Tuesday 13 April 2010

Intimacy: Not For Sale

Suatu hari, aku lagi ngantre di kasir Carrefour, Central Park. Sambil menunggu giliran, pandanganku tertumbuk pada sebuah rak section dekat kasir. Ada 2 buah rak dengan tulisan besar-besar di atasnya: INTIMACY.
Tertarik dengan kata itu, saya mencoba memindai barang apakah gerangan yang dipajang di rak tersebut. Berkat lensa kontak Acuvue minus 2 yang kupakai (yaelah iklan banget seh), aku memutuskan kalo barang-barang yang ditangkap oleh saraf optik mataku itu adalah... jreng jreng...
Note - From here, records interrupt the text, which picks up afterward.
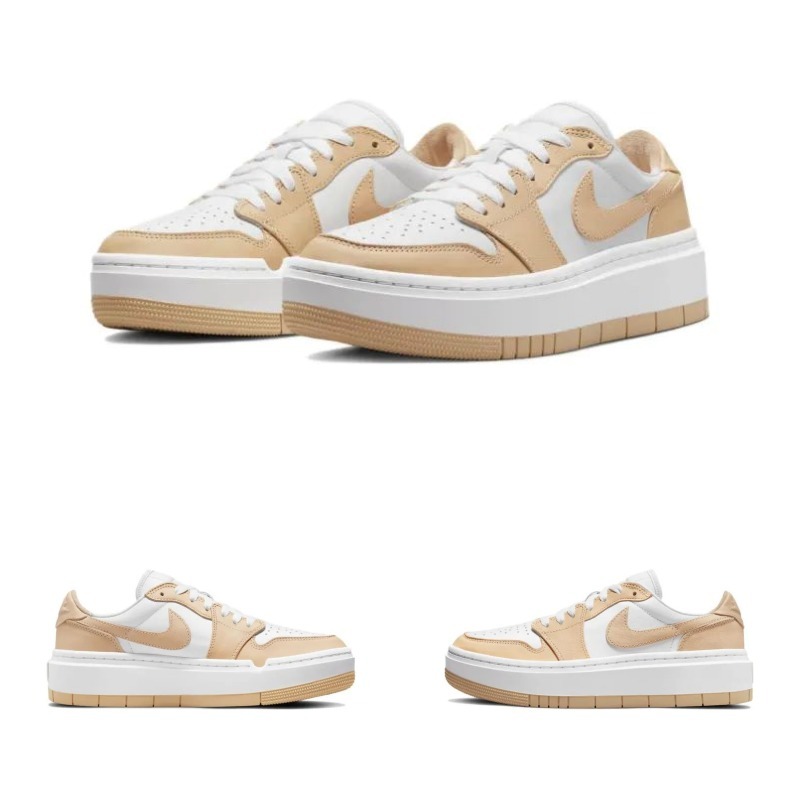 【NIKE】DH7004-102★(W) ジョーダン 1 エレベート ロー★Onyx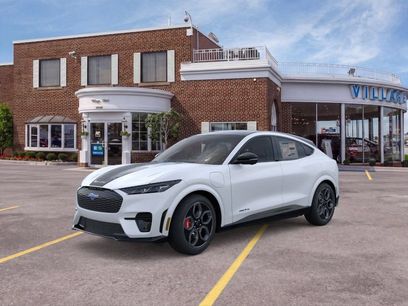 New 2026 Ford Mustang Mach-E GT w/ California Special Package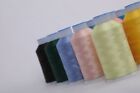 Premium Polyester Brother Machine Embroidery Thread Set Of 40 Colors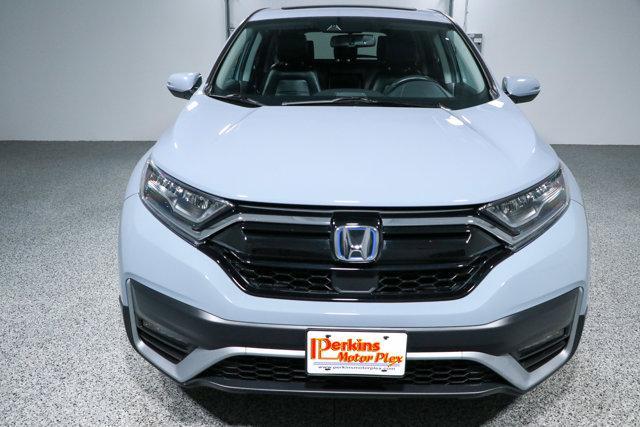 used 2022 Honda CR-V Hybrid car, priced at $29,995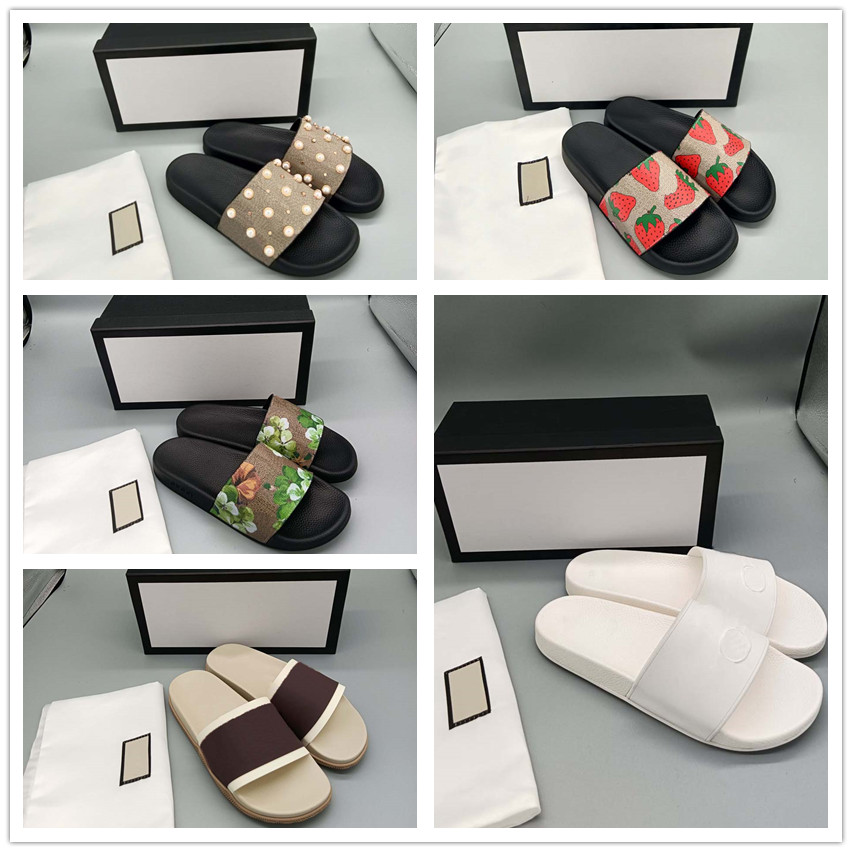 2022 Newest with box men women fashion slippers luxury slides summer flat slipper trendy leather rubber sandal mens beach slide US 5.5-12 With a shoebox, 33
2022 Newest with box men women fashion slippers luxury slides summer flat slipper trendy leather rubber sandal mens beach slide US 5.5-12 With a shoebox, 33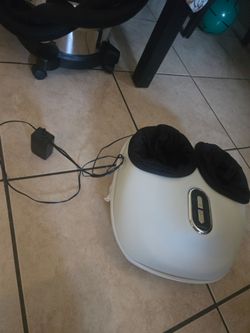 Foot massager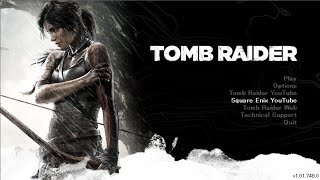 TOMB RAIDER～トゥームレイダー～＃４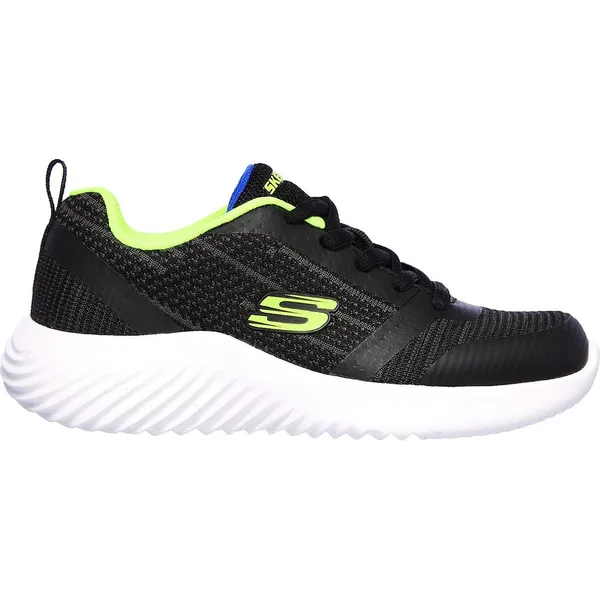 Skechers Skechers Bounder blauw sneakers kids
kondom. Dan rak yang berdempetan persis di sebelahnya adalah cairan pencuci kewanitaan.
Tak ayal aku berpikir, hanya dengan itukah keintiman itu diukur? Dari alat-alat penunjang untuk berhubungan seksual a.k.a intim? Sebegitu dangkalnyakah arti 'intimacy' bagi budaya kita saat ini? 
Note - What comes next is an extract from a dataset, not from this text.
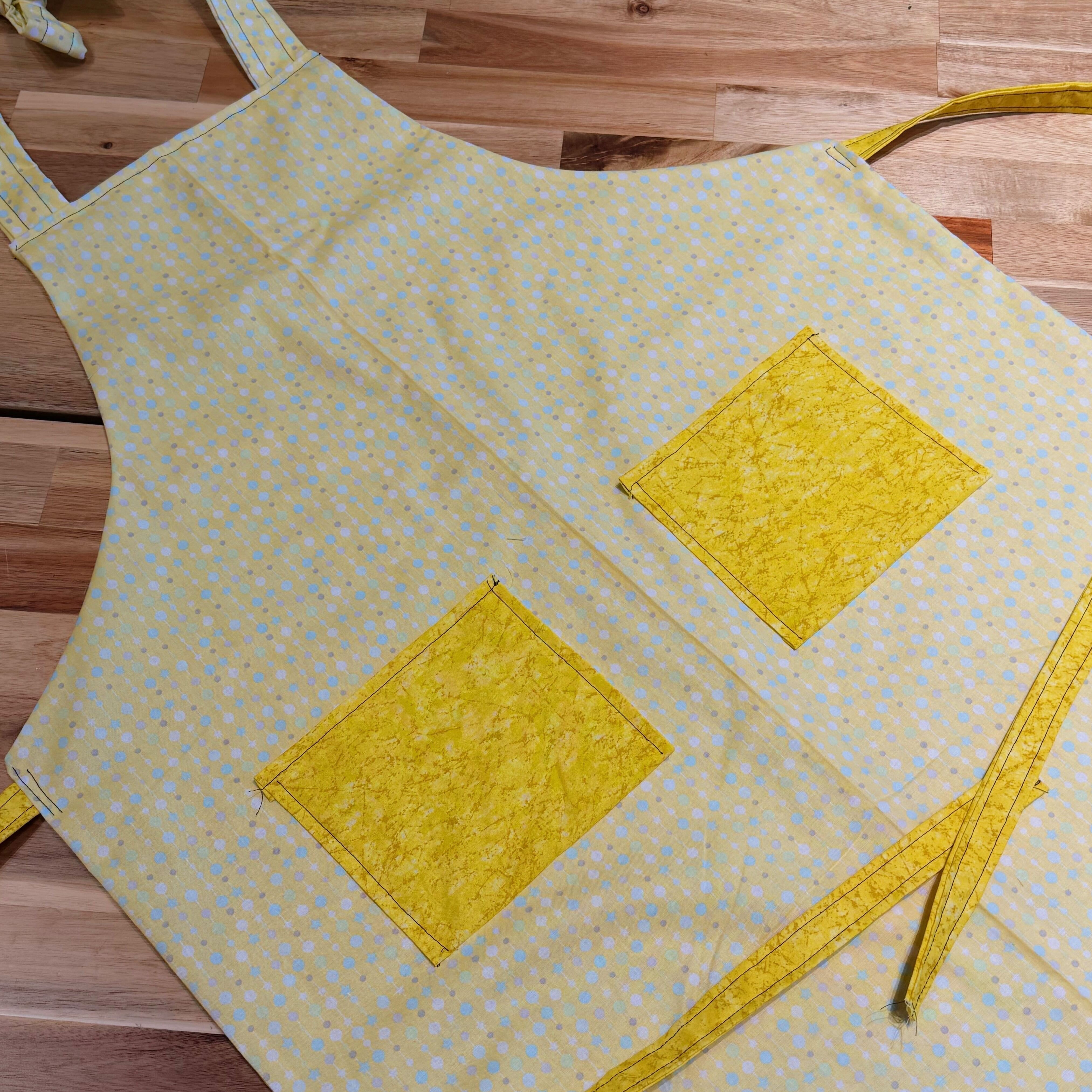 Beginner Sewing - Apron (Cambridge)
Hanya karena seseorang berhubungan intim dengan orang lain (ya kalo sendiri mah beda lagi artinya), tidak berarti mereka punya tingkat keintiman yang berarti. Intim secara fisik, ya pasti. Tapi intim secara jiwa? Secara batin? Secara roh?
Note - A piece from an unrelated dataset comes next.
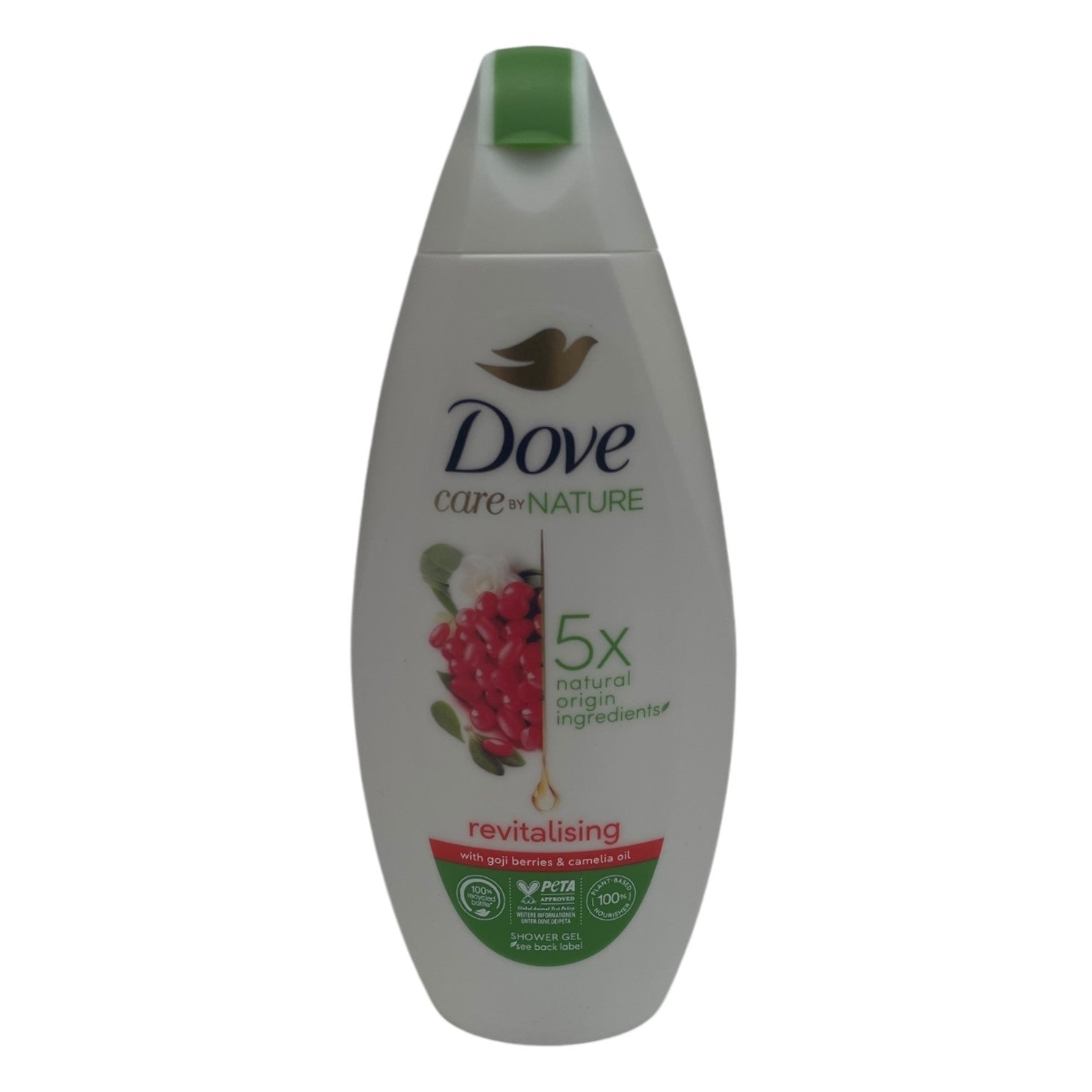 Gel de Duș Dove 225 ml – Care by Nature & Nourishing Secrets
Itu hanya bisa dibangun lewat komunikasi, lewat penerimaan, komitmen, kasih, dan banyak lagi, di luar a so-called hubungan 'intim'.
Karena itu, aku juga gak abis ngerti kenapa para media mencantumkan bahwa Leticia adalah buah cinta dari Anji Drive & Sheila Marcia. Cintakah yang membuat mereka melanggar batas - oh well, mereka beneran sempet pacaran dan gak berada di bawah pengaruh alkohol -? Cinta jugakah namanya kalo Anji tidak mengakui from the first place bahwa dia yang harusnya bertanggung jawab atas perut mblendung Sheila yang harus dibawanya ke balik terali? Cinta jugakah namanya kalo Sheila menolak menikah dengan Anji?
Lho, kok jadi ngomongin artes! Argh.
Intinya... 
keintiman tidak bisa dijual di rak-rak supermarket, apa pun produknya.
Karena keintiman lahir bukan dari ketika dua insan memadu tubuh, namun ketika mereka memutuskan untuk memadu (dengan segenap akal budi, kesadaran & hati nurani) batin, komitmen dan pikiran mereka berdua dengan segala kerendahan hati dan ketulusan.